A fronte di tali indicazioni generali, la decisione in commento sottolinea come debba essere adeguatamente approfondito il rilievo avanzato dall’amministratore del caso di specie, perché condannato in sede di merito nonostante fosse stato nominato quando gli omessi versamenti rilevanti ai fini dell’integrazione della fattispecie erano già stati posti in essere, con impossibilità di porvi rimedio per mancanza di fondi.
Non è, infatti, possibile condannare, di per sé, tale soggetto, ma occorre chiarire quale sia il debito maturato nel periodo in cui il nuovo amministratore ha operato, distinguendolo dal complessivo debito preesistente, perché già maturato.
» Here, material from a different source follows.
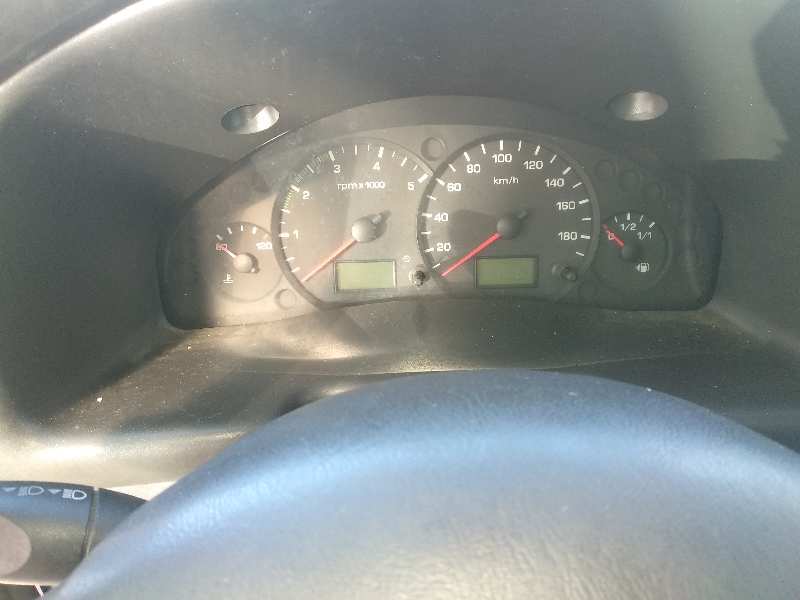 FORD TRANSIT CAJA CERRADA, CORTA (FY) (2000 =>) FT  260   2.0   |   08.00 - 12.06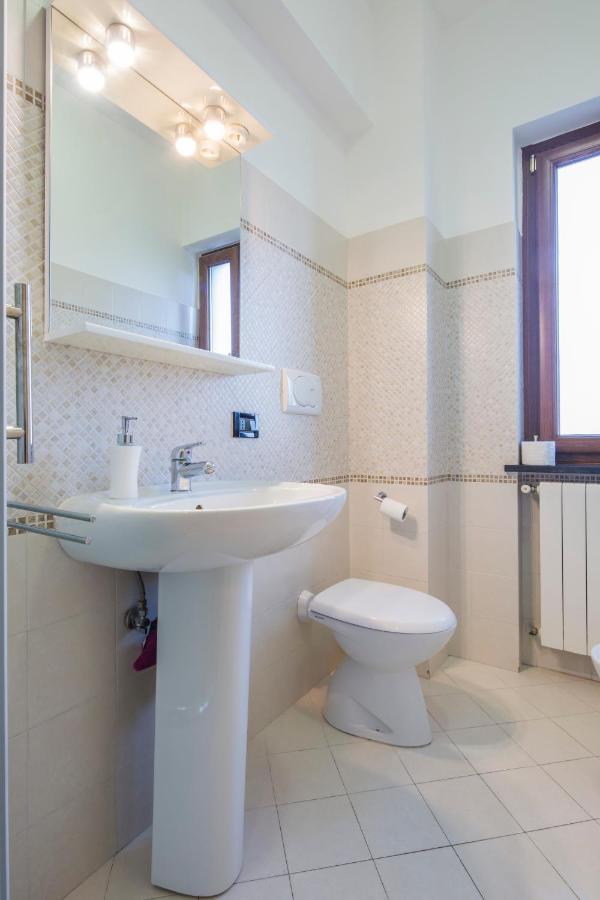 Casa Azzurra Sorrento Appartement Buitenkant foto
Se è vero, infatti, che anche il solo aggravamento del dissesto rileva penalmente, occorre, però, altresì, verificarne l’esistenza e la portata causale rispetto al fallimento.

Inoltre, dall’eventuale entità dell’aggravamento potrebbero trarsi elementi anche in ordine al dolo che deve supportare la condotta contestata e, quindi, nel caso, escludere la possibilità, invocata dall’amministratore, di riqualificare la condotta in bancarotta semplice da tardiva richiesta di fallimento.
È, infatti, da considerare che il dissesto è, nella fattispecie astratta, solo l’effetto, dal punto di vista della causalità materiale, di una condotta volontaria avente a oggetto l’operazione, mentre non è richiesta l’intenzionalità diretta a produrlo. È proprio questo l’elemento che differenzia la fattispecie in considerazione dall’altra, sempre contemplata dall’art. 223 comma 2 n. 2 del RD 267/42.

Se, dal punto di vista oggettivo, i due reati non presentano sostanziali differenze, dal punto di vista soggettivo vanno tenuti distinti, perché, nell’ipotesi di causazione dolosa del fallimento, questo è voluto specificamente, mentre, nel fallimento conseguente a operazioni dolose, esso è solo l’effetto di una condotta volontaria, ma non intenzionalmente diretta a produrre il dissesto fallimentare, anche se il soggetto attivo dell’operazione ha accettato il rischio della stessa.
La prima fattispecie è, dunque, a dolo specifico, mentre la seconda è a dolo generico. Circostanza che rende possibile ritenere, nel contempo, insussistente il dolo (specifico) diretto alla causazione del fallimento ed esistente il dolo (generico) in relazione a singole operazioni che hanno determinato il fallimento.